The worship God wants is obedience; the way we show our faith in God and our love for him is to be careful to do what he commands (1 Sam. 15:22-23).

In verses 24-25, Saul appeared to repent, but he still had an excuse for his disobedience. Since God is loving and forgiving—even David’s sins, which were worse than Saul’s, were forgiven—we must conclude that God, who knows the heart, saw that Saul’s “repentance” was insincere. The consequence of Saul’s disobedience was a decree that his kingdom would be lost (vv. 27-28).

What a sad declaration about how a once-promising man’s kingdom would end. But I want to focus for a moment on Samuel’s words in verse 23a: “For rebellion is like the sin of divination, and arrogance like the evil of idolatry.”

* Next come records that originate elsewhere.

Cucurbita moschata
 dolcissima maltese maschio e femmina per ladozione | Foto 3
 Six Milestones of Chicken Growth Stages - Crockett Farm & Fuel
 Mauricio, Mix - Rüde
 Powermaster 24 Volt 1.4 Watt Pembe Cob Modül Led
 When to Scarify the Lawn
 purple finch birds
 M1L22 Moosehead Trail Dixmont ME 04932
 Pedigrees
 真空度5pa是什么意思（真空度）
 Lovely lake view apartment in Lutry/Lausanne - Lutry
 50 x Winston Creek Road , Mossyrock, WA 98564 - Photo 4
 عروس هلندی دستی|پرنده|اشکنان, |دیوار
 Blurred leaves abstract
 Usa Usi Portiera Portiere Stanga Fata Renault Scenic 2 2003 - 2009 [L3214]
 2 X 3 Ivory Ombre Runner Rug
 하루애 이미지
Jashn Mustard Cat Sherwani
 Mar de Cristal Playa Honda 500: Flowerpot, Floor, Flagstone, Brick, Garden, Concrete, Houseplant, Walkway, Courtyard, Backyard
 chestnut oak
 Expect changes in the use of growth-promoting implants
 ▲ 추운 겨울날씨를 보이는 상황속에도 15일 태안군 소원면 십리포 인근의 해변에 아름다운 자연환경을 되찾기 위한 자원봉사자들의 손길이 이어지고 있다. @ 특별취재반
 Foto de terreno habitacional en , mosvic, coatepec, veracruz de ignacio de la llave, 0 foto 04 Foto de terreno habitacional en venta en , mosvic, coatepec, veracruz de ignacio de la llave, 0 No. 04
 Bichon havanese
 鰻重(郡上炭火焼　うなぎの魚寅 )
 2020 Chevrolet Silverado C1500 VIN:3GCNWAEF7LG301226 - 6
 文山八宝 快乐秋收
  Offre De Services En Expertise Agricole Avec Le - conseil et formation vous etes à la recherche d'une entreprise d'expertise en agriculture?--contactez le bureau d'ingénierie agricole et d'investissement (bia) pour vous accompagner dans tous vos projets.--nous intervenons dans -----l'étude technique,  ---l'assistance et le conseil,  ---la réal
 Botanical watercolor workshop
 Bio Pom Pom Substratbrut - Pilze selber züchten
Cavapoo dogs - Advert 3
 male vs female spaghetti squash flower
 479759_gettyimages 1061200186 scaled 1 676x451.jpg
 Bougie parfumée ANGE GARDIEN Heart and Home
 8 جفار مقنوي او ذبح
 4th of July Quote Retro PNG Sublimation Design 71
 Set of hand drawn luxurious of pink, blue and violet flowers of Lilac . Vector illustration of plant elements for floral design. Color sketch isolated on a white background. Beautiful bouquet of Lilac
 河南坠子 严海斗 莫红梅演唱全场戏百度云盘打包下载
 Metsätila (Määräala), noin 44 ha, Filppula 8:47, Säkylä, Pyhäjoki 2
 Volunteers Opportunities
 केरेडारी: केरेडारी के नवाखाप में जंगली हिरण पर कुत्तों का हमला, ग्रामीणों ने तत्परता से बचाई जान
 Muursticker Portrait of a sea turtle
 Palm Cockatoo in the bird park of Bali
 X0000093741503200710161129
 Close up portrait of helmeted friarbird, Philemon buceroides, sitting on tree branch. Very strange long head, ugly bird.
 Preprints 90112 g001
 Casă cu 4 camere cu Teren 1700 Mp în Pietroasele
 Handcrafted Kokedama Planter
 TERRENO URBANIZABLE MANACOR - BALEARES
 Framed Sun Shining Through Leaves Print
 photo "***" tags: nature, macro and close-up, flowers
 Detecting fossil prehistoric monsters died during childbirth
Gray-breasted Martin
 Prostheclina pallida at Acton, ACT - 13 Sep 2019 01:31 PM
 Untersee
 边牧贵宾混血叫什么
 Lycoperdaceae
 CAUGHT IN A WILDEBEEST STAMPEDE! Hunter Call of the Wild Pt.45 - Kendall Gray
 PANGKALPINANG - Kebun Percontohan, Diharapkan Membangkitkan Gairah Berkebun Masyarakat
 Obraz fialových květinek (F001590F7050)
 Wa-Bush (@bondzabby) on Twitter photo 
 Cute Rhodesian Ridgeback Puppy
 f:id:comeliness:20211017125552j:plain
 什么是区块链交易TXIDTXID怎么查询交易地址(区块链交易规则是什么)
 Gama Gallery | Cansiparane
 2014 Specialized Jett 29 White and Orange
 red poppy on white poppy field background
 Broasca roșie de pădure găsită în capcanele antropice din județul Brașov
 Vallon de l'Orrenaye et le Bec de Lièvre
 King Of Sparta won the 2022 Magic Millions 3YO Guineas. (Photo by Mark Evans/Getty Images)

How can “rebellion” be like “divination”?

Someone who practices divination is seeking supernatural guidance but they are doing so apart from the Lord. Similarly, a rebellious person against God’s commands is giving more weight to their own human perspective and wisdom than to God’s word.

We may not consider our own thoughts and plans to be the same as “supernatural guidance,” but our willingness to follow our instincts instead of God’s commands shows that we consider ourselves better guides for the future than the word of God.

The next phrase in verse 23 says, “… and arrogance like the evil of idolatry.” This phrase is easier to understand. An arrogant person believes himself to be more knowledgeable and capable and powerful than others. When we disobey God’s word, we are showing that we think we know better than God. We may not think of ourselves as arrogant in the moment of disobedience, but our actions suggest otherwise because we are worshipping ourselves, our own desires, and our own knowledge above the Creator.

Are there areas of disobedience in your life? Do you recognize the rebellion that causes you to follow your own guidance instead of God’s? Do you understand that in the moment of temptation, your heart is telling you that you know better than God does and that your own satisfaction is more important that honoring him as Lord?